Orchids north of the Arctic Circle? Yes, thirteen species, while Hawaii is home to only three.

And a forever-tree? The root system of a single tree on a cold, harsh mountainside in Sweden has survived almost 10,000 years. Yes, dear “Old Tjikko” goes on.

Here’s my point. It’s commonly recognized that beauty touches our hearts; and that interacting directly with plants and animals can stir our emotions. In fact, my evening with Jane closed with a video of one of the most heart-rending scenes I’ve encountered: A chimp — who’d been orphaned by violence, found near death, and then revived — holds Jane in a long, most-tender embrace before sauntering off into the forest leaving humans behind.

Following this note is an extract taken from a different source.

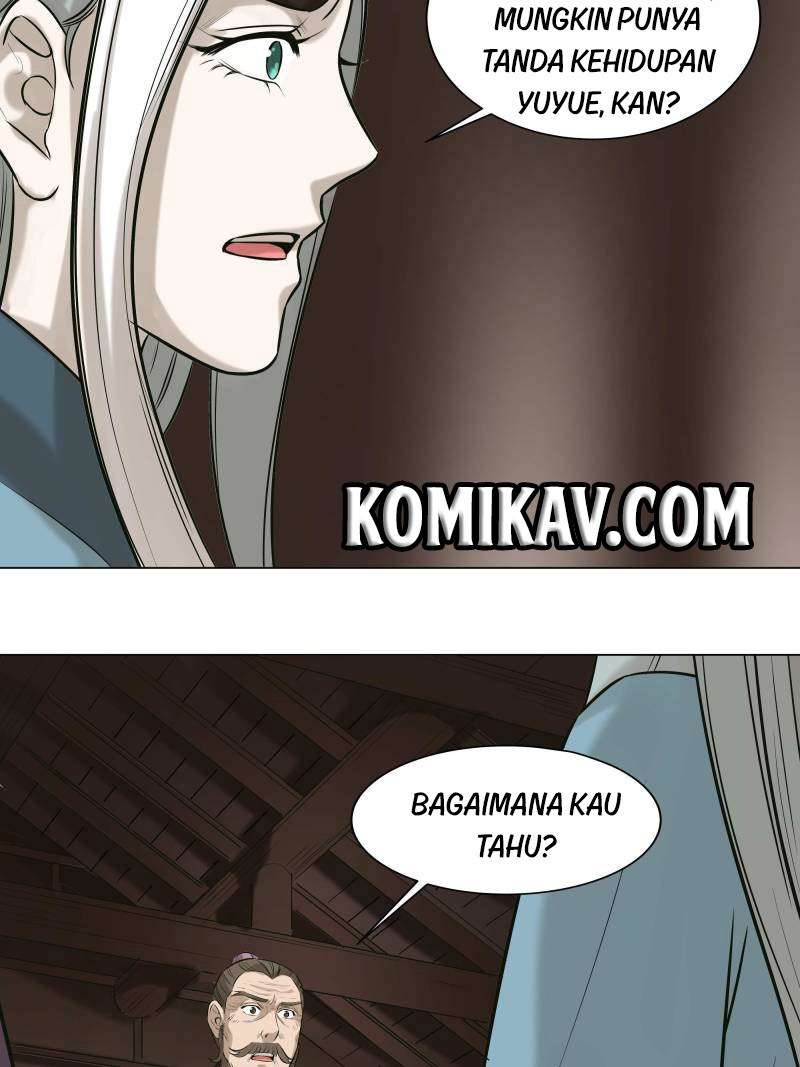 The Crazy Adventures of Mystical Doctor Chapter 21 Gambar 10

But what I’d never fully gotten before this book is how knowledge could awaken feelings of intimacy. As I read Seeds of Hope, again and again I felt appreciation, gratitude and awe. And are these not feelings we associate with intimacy and even love?

Reading Jane’s new book, I actually found myself loving our earth more. It became even more precious to me. And why should I be surprised? After all, we’re aware, of course, that the deeper we get to know a friend or spouse, the more love arises. Knowledge changes how we experience life. Knowledge — not only direct experience or awesome beauty — opens the heart to intimacy, I am convinced.

So, thank you, Jane Goodall, for bringing to my consciousness the truth that knowledge itself is a seed of intimacy.

P.S. And, why would anyone be surprised that Jane could awaken feelings of intimacy via plants? After all, you’ll learn in this book that she once received a single rose tossed from a low-flying plane as a prelude to a proposal of marriage — which she accepted.